PowerShell Essentials
PowerShell is marching toward one of the greatest scripting and automation tools of all time. It is increasingly important to learn PowerShell if you are working with Microsoft products and surrounding ecosystems. Considering various limitations on the command-line management exposed using MS-DOS, Microsoft started to develop a new approach to the command-line management way back in 2002 and introduced a shell called Monad. It was September 2006 when Microsoft renamed Monad to PowerShell Version 1. Since then, there have been several versions released, and the current stable version is PowerShell 5. Last year, in 2016, Microsoft announced PowerShell Core 6 on GitHub, being not only open source but also cross-platform. This is what will make PowerShell more popular because of its capability to automate things on Linux as well as macOS.

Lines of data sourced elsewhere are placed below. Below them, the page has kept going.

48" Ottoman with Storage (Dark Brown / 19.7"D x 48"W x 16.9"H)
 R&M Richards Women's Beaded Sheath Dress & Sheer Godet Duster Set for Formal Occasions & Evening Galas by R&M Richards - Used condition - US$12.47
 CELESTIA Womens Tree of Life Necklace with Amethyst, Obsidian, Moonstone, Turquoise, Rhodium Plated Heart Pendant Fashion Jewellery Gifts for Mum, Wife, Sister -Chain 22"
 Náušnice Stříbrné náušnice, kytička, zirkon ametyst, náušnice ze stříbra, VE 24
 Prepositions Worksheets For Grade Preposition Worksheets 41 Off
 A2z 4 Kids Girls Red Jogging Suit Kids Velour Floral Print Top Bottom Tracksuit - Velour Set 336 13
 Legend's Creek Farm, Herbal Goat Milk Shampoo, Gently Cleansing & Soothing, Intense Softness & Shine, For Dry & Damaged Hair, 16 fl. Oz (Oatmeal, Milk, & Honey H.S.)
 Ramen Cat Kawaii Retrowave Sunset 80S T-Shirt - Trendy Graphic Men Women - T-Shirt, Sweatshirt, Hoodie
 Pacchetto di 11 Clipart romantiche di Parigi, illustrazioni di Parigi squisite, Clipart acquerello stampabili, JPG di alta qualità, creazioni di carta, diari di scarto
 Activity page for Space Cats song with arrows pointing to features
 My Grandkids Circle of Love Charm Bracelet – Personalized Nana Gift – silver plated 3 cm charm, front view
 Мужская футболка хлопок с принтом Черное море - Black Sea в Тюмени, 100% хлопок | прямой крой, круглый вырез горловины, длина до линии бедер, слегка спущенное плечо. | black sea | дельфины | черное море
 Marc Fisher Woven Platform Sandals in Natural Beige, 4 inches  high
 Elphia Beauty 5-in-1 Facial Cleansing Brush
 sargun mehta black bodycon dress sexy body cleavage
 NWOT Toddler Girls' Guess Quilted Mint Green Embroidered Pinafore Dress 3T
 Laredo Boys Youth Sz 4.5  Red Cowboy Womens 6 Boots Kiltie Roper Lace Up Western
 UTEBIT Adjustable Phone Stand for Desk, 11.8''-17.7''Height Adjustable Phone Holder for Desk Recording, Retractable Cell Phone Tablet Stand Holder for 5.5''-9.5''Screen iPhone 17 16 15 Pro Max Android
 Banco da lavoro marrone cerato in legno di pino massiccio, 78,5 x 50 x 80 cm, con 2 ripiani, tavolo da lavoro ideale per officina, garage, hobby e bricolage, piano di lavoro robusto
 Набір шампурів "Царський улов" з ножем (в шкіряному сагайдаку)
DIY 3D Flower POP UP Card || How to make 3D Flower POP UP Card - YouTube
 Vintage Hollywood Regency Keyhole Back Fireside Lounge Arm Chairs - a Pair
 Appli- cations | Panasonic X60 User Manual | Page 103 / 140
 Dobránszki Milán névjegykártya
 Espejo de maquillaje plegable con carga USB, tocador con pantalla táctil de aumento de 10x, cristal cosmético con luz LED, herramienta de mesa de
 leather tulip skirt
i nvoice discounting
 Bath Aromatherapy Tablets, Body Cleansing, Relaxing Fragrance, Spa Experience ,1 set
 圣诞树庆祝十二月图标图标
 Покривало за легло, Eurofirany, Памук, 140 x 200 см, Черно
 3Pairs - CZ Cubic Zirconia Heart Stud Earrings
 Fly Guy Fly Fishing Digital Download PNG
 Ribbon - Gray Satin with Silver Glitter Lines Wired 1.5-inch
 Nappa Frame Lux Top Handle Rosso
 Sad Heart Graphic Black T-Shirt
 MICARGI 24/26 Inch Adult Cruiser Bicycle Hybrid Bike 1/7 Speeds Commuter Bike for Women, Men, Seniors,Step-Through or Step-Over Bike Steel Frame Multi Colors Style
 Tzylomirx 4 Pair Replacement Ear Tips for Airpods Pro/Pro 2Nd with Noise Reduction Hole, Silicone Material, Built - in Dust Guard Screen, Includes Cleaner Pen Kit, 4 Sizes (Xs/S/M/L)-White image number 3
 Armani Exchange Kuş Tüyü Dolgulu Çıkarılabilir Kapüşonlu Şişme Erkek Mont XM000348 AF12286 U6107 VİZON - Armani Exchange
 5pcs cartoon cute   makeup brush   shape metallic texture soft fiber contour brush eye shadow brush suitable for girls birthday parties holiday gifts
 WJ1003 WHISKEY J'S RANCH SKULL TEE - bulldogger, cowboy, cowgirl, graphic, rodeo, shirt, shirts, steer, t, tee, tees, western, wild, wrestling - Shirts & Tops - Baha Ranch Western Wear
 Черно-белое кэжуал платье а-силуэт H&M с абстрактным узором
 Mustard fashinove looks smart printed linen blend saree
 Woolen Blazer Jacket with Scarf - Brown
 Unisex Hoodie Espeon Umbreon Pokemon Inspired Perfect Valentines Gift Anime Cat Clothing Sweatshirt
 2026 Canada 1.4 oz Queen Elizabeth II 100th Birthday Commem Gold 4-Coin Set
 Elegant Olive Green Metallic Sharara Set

So, where is PowerShell heading from here on? What is the future of PowerShell? Microsoft is aware of the fact that every business will have a cloud-first strategy and a complex infrastructure to manage. Microsoft's initial intention was to ease the Windows-based server administration and maintenance, but now they are strategically moving ahead to make PowerShell as a standard scripting platform for customers so that it can be used on Windows, Linux, and macOS. The open source nature of PowerShell will fuel the PowerShell growth and will help to build the trusted artifact gallery quickly. Businesses will adopt the multi-cloud strategy and there is no single answer of how to best manage multi-cloud. Management is absolutely the secret ingredient for multi-cloud, and there is no common API that is available to manage multi-cloud effectively. Over a period of time, PowerShell will become a mature scripting language to manage the multi-cloud and hybrid environment. And this is one of the biggest intentions of Microsoft, making it cross-platform in the PowerShell Core.
In this chapter, we will learn about the PowerShell cmdlet and how to get help on each cmdlet. We will also touch base on how PowerShell cmdlets are structured. In addition, we will learn about risk mitigation parameters and building your own help for the scripts that you create.